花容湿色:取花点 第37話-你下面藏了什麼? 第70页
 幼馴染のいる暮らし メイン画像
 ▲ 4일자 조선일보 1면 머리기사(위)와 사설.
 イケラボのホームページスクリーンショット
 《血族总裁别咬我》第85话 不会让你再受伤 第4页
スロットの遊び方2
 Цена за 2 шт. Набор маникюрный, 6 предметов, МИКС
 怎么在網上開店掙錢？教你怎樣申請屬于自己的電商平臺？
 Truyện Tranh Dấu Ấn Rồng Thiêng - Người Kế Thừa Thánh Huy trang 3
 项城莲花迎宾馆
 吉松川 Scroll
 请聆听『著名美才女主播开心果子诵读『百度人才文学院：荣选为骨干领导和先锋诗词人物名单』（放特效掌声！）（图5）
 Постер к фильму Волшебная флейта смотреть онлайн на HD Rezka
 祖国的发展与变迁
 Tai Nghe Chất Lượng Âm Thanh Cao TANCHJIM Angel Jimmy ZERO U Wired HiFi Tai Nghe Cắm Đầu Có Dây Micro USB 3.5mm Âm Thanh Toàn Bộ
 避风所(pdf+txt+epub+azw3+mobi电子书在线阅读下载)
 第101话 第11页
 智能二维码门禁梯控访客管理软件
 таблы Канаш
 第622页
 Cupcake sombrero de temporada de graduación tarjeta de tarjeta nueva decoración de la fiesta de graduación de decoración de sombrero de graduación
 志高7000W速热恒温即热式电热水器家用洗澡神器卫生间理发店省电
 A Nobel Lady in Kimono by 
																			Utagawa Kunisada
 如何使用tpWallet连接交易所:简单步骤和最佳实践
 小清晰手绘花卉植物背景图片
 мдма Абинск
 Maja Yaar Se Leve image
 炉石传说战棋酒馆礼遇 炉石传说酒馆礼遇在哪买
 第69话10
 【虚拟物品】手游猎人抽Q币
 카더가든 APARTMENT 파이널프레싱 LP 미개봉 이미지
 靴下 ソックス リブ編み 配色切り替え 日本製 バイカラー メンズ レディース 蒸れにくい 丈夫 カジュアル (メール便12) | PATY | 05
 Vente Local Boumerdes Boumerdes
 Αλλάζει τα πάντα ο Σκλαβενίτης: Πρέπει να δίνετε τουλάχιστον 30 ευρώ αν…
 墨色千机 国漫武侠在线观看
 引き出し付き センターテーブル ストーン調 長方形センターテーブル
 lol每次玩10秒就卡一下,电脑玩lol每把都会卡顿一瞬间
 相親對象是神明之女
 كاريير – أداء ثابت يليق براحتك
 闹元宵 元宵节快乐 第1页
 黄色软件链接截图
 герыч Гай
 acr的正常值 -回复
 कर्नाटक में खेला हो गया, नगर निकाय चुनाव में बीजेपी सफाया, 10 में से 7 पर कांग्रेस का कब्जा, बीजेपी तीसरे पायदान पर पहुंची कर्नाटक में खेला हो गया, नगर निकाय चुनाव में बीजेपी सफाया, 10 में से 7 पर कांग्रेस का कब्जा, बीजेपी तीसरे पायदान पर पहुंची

■ Task statement
Nothing but the lines from the one with "Αλλάζει τα πάντα" through the final line of the records may appear in the answer, and each must be transcribed exactly.

■ Your response
 Αλλάζει τα πάντα ο Σκλαβενίτης: Πρέπει να δίνετε τουλάχιστον 30 ευρώ αν…
 墨色千机 国漫武侠在线观看
 引き出し付き センターテーブル ストーン調 長方形センターテーブル
 lol每次玩10秒就卡一下,电脑玩lol每把都会卡顿一瞬间
 相親對象是神明之女
 كاريير – أداء ثابت يليق براحتك
 闹元宵 元宵节快乐 第1页
 黄色软件链接截图
 герыч Гай
 acr的正常值 -回复
 कर्नाटक में खेला हो गया, नगर निकाय चुनाव में बीजेपी सफाया, 10 में से 7 पर कांग्रेस का कब्जा, बीजेपी तीसरे पायदान पर पहुंची कर्नाटक में खेला हो गया, नगर निकाय चुनाव में बीजेपी सफाया, 10 में से 7 पर कांग्रेस का कब्जा, बीजेपी तीसरे पायदान पर पहुंची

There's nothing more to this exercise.